Since tax benefits differ per nation, expats should check the treaties with their host nation to see how they will be taxed. As with any legal instrument, tax treaties can be challenging to comprehend. If you don’t know which rules apply to you, you should talk to a tax expert.

If the value of your foreign financial assets exceeds the FBAR filing threshold, you must submit an FBAR

FinCEN Form 114, also called the FBAR, is a way for the U.S. to stop tax frauds from hiding money abroad. If the total balance of your international bank accounts exceeds $10,000, you are required to file. Pensions and investments, as well as accounts you do not control but have signatory authority over, may be considered when evaluating your international bank accounts.

The FBAR is electronically submitted via the BSA e-filing system. Even if the account(s) exceeded $10,000 for just one day (or one minute! ), you must file an FBAR. The FBAR is filed independently of your U.S. expatriate tax return.

Another way U.S. citizens living abroad might reduce their tax liability is through the foreign tax credit

If you live in a country with a high tax rate or your income is higher than Foreign Tax Credit. Then, the Foreign Earned Income Exclusion may help you lower or eliminate your U.S. tax bill.

The International Tax Credit is a dollar-for-dollar credit against the foreign taxes you pay. To elect, you must file Form 1116.

Numerous persons are qualified for the international tax credit and the foreign earned income exclusion; however, if taxpayers are also eligible for the child tax credit, selecting the foreign tax credit over the exclusion will typically result in greater tax savings.

The FBAR Deadline is April 15th, the same day as taxes are due

Its deadline is April 18th, with an automatic extension to October 17th. The FBAR is filed in addition to the standard tax return.

U.S. expats can file their taxes and FBARs late without being penalized

Years after moving abroad, many expats realized they were always required to file in the United States. They may fear severe penalties and be hesitant to file late tax returns.

The IRS offers an amnesty program to assist foreigners in becoming compliant without incurring penalties. The Streamlined Filing Compliance Procedures is its name.

To use this application, you only need to:

  • File Foreign Bank Account Reports for the previous 6 years
  • Self-certify that your failure to file was not a deliberate act of defiance.
  • Submit the three most recent delinquent income tax returns and pay any delinquent taxes owed during that period.

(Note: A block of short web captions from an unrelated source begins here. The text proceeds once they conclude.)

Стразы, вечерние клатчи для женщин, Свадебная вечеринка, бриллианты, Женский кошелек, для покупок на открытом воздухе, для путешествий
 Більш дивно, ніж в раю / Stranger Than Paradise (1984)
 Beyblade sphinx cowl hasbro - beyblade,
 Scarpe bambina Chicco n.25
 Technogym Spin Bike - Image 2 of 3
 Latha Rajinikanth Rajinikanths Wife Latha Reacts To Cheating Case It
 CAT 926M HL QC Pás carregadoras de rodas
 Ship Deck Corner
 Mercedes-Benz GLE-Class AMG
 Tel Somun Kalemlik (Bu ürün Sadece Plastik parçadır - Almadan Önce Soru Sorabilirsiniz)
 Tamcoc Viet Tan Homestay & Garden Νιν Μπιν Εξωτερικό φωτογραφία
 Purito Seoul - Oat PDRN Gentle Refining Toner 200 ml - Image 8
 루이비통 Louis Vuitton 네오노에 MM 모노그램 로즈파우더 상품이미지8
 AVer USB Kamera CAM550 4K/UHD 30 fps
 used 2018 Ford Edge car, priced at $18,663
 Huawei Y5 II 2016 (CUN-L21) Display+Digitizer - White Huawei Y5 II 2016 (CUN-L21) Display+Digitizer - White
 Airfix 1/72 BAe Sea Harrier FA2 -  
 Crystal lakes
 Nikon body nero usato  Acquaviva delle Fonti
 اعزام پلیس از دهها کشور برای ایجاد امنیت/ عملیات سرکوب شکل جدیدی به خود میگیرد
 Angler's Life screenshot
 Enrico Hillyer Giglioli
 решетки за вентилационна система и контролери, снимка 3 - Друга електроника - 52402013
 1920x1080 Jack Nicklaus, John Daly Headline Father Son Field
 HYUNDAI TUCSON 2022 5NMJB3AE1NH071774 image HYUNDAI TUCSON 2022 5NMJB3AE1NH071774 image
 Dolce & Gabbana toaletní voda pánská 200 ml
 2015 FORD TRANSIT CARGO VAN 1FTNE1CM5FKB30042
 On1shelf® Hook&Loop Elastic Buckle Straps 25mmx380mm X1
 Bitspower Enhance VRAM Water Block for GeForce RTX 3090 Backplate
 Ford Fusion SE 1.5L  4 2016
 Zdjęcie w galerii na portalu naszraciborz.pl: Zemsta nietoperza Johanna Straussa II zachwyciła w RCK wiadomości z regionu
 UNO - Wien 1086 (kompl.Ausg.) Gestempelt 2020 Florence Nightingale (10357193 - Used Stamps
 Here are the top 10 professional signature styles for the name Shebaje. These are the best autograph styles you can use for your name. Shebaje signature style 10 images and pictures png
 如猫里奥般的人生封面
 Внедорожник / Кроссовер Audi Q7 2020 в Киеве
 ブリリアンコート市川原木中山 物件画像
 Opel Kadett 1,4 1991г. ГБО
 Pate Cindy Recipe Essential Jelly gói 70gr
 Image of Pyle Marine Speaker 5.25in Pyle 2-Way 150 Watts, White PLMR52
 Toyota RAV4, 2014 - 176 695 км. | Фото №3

This will bring you into conformity with IRS laws in the majority of circumstances. It is ideal for expats who were previously uninformed of their U.S. tax filing responsibilities.

The Foreign Account Tax Compliance Act (FATCA) form 8938 may Require your attention

FATCA is similar to FBAR because it aims to prohibit U.S. taxpayers from hiding money and assets in offshore accounts. Form 8938 must be filed if the amount of certain financial assets exceeds the filing threshold (which varies by filing status and residency).

FATCA and FBAR reporting requirements are distinct yet comparable. You may be obliged to file either FBAR or FATCA, or neither!

Your social security benefits will not be affected if you decide to retire outside the country

If you are contemplating an overseas retirement, rest assured that you can collect your Social Security payments in virtually any nation. There are only a few countries where Social Security payments are frequently unavailable, namely:

  • Azerbaijan
  • Belarus
  • Cuba
  • Kazakhstan
  • North Korea
  • Moldova
  • Uzbekistan
  • Turkmenistan
  • Kyrgyzstan
  • Tajikistan

However, even if you reside in one of these nations, you can still recover any arrears owed to you if you transfer to a different nation.

For example, suppose you relocated to Cuba. You would not be eligible to receive U.S. Social Security payments while residing in Cuba.

However, if you relocated to Costa Rica a few years later, you would be able to receive any Social Security benefits you were denied while living in Cuba.

Agreements on totals of the country you choose to pay your social security taxes to will impact your finances

The United States has agreements with 28 nations outlining which country should receive Social Security payments.

The agreements generally permit the use of earned credits in the computation of benefits in the other country. Without such an arrangement, you may be required to pay into two systems yet obtain only one benefit.

One’s U.S. tax return must include information on rental income

Report foreign and domestic rental income to the IRS. However, many property-related charges might mitigate an expatriate’s tax liability.

Immediate deductibility exists for home repairs, but improvements require more time. How do you determine the distinction? Repairs get the property back to the way it was when it was first bought, while improvements make the property worth more or make it last longer.

Despite their differences, you must keep track of the costs associated with repairs and renovations to your rental property. After selling your property, you can deduct the cost of repairs and upgrades when calculating capital gains or losses on your expat taxes.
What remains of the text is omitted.